Serdar KAYA
Toktamış Ateş, ölümünün ardından, en çok mülayim üslubu ile anıldı ve takdir edildi. Türkiye siyasetinin kavgacı ortamına rağmen üslubu konusunda hep özenli olan Ateş, bu takdiri büyük ölçüde hak ediyordu. Ancak, pek çok yorumcu, ilgili üslubu Ateş’in demokratlığının bir göstergesi olarak da sundu. Bu yaklaşım, bir sözün ifade bulduğu üslup ile içerdiği mana arasındaki önemli farkı gözardı ediyordu. Hâlbuki manası demokrasinin en temel ilkelerine aykırı olan sözleri dahi nezaketle söylemek mümkündür. İlgili üslup, o sözleri ya da sahibini demokrasi yanlısı kılmaz.
Eşitlik
Sağlığında Toktamış Ateş’in de defalarca belirttiği gibi, demokrasi bir uzlaşı rejimidir. Demokrasilerde, insanlar, birarada yaşamanın kurallarını birlikte oluştururlar. Demokrasileri teokrasilerden ve diğer otoriter rejimlerden ayıran temel özellik de zaten budur. Demokrasilerde, kurallar, yukarıdakiler tarafından aşağıdakilere dikte edilmez. İstisnasız herkes, aşağıdadır ve eşittir. Kimi insanların dışlanmalarına, ezilmelerine ya da ayrımcılığa uğramalarına karşı (demokrasi adına) dile getirilen her türlü itirazın çıkış noktası, bu prensiptir.

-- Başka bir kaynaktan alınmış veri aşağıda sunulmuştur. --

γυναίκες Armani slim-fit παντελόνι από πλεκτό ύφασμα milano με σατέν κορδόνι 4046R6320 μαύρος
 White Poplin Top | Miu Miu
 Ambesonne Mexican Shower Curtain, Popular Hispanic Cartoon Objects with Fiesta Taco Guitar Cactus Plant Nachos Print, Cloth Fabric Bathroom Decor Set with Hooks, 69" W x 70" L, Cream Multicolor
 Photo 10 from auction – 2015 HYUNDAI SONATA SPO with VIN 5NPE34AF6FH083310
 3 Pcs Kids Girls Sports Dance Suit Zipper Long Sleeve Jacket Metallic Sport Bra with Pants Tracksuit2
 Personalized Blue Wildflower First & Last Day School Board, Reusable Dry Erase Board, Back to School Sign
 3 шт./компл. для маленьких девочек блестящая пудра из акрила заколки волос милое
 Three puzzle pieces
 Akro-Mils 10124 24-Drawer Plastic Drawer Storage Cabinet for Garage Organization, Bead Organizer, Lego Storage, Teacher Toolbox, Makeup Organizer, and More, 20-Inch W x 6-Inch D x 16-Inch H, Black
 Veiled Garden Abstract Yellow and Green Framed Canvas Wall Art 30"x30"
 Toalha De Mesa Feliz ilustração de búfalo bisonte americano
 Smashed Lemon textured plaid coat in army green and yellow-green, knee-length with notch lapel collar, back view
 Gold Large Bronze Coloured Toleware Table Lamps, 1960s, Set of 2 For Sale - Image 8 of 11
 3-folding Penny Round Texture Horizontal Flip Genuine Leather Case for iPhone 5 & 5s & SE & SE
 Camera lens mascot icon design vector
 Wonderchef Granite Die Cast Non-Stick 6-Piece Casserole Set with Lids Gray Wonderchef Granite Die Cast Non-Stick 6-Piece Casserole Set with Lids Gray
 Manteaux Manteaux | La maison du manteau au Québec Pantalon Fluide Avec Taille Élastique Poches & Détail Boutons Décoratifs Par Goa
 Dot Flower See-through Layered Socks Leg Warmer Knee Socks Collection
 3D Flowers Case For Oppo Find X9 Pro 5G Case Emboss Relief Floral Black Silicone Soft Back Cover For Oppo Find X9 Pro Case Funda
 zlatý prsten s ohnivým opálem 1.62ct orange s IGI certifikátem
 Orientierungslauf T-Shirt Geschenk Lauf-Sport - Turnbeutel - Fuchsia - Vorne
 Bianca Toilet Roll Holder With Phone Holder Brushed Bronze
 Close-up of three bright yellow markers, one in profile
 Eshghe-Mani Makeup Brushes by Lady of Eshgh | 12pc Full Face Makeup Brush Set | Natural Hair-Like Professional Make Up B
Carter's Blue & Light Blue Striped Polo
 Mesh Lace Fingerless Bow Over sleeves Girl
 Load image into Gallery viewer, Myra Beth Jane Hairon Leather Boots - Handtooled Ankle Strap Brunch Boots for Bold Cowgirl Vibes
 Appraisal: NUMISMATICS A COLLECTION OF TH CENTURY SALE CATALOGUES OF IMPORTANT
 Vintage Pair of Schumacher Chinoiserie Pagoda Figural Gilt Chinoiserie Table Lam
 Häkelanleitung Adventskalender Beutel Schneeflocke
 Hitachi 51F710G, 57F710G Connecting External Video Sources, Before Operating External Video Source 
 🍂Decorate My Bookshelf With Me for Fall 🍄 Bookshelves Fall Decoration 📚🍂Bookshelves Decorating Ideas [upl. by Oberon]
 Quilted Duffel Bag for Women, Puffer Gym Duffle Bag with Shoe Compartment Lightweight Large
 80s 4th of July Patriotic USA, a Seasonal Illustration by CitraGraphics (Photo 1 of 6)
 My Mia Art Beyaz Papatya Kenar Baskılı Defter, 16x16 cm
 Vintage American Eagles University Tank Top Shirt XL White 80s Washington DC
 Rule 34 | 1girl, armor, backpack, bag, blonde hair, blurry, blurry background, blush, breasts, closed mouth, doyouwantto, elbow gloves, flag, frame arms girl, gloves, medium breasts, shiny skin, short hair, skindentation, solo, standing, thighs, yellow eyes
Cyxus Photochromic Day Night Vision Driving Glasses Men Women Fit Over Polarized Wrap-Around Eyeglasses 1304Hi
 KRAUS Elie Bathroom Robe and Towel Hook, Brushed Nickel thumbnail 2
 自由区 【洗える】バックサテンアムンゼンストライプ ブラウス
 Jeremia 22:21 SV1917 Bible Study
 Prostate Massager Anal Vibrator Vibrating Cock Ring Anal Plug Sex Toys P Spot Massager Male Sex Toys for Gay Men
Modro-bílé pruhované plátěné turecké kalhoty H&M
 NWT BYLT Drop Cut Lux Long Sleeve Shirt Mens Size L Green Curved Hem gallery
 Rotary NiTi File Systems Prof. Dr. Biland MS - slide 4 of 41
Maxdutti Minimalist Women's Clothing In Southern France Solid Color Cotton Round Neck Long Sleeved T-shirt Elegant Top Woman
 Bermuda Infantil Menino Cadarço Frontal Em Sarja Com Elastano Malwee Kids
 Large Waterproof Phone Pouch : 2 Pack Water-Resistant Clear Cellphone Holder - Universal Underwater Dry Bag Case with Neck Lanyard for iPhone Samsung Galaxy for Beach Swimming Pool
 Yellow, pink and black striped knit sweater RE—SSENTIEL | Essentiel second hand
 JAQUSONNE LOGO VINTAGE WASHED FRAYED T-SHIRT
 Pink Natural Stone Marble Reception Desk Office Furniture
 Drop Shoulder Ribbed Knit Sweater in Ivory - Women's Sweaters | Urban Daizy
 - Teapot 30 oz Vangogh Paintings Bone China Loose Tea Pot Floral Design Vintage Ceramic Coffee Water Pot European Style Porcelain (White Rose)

Kemalistlerin bu prensiple araları hiçbir zaman iyi olmadı. Peki, Toktamış Ateş daha mı farklıydı?
Ateş’in diğer Kemalistlerle arasında önemli farklar bulunmadığını söylemek insafsızlık olur. Ancak, kendisinin pek çok konuda klasik Kemalist bakışın içinden konuşmadığını söylemek de mümkün değil. Örneğin, Ateş, Bugün gazetesindeki 5 Şubat 2008 tarihli yazısında, dersine giren başörtülü öğrencilerden rahatsız olmasa da, bu durumdan hoşlanmadığını belirtmiş ve hem Türk Devrim Tarihidersi verip hem de başörtülü bir öğrenciye ders anlatmanın bir çelişki olduğunu söylemişti. Aynı gazetedeki 3 Mayıs 2008 tarihli yazısı ise daha da vahimdi. Zira Ateş, bu yazısında, Fatih’teki evinin etrafındaki çarşaflıların sayısının artmasını “türeme” kelimesiyle ifade etmiş ve “Daha çok Çarşamba ve Draman taraflarında görülen bu hanımlar, şimdi Fevzi Paşa Caddesi’nin, sağ tarafındaki sokaklara dadandılar” gibi bir cümle kullanmıştı.
“Türeme” kelimesinin Türkçede ekseriyetle hayvanlar için kullanıldığı malum. “Dadanma” kelimesi ise, (özellikle yukarıdaki cümledeki hâliyle) hadlerini aşarak ait olmadıkları bir alana tecavüz eden insanları akla getiriyor. Her iki ifade de, yukarıdan aşağıya bakan (ve hatta baktıklarını dehümanize eden) bir perspektifin dışavurumu.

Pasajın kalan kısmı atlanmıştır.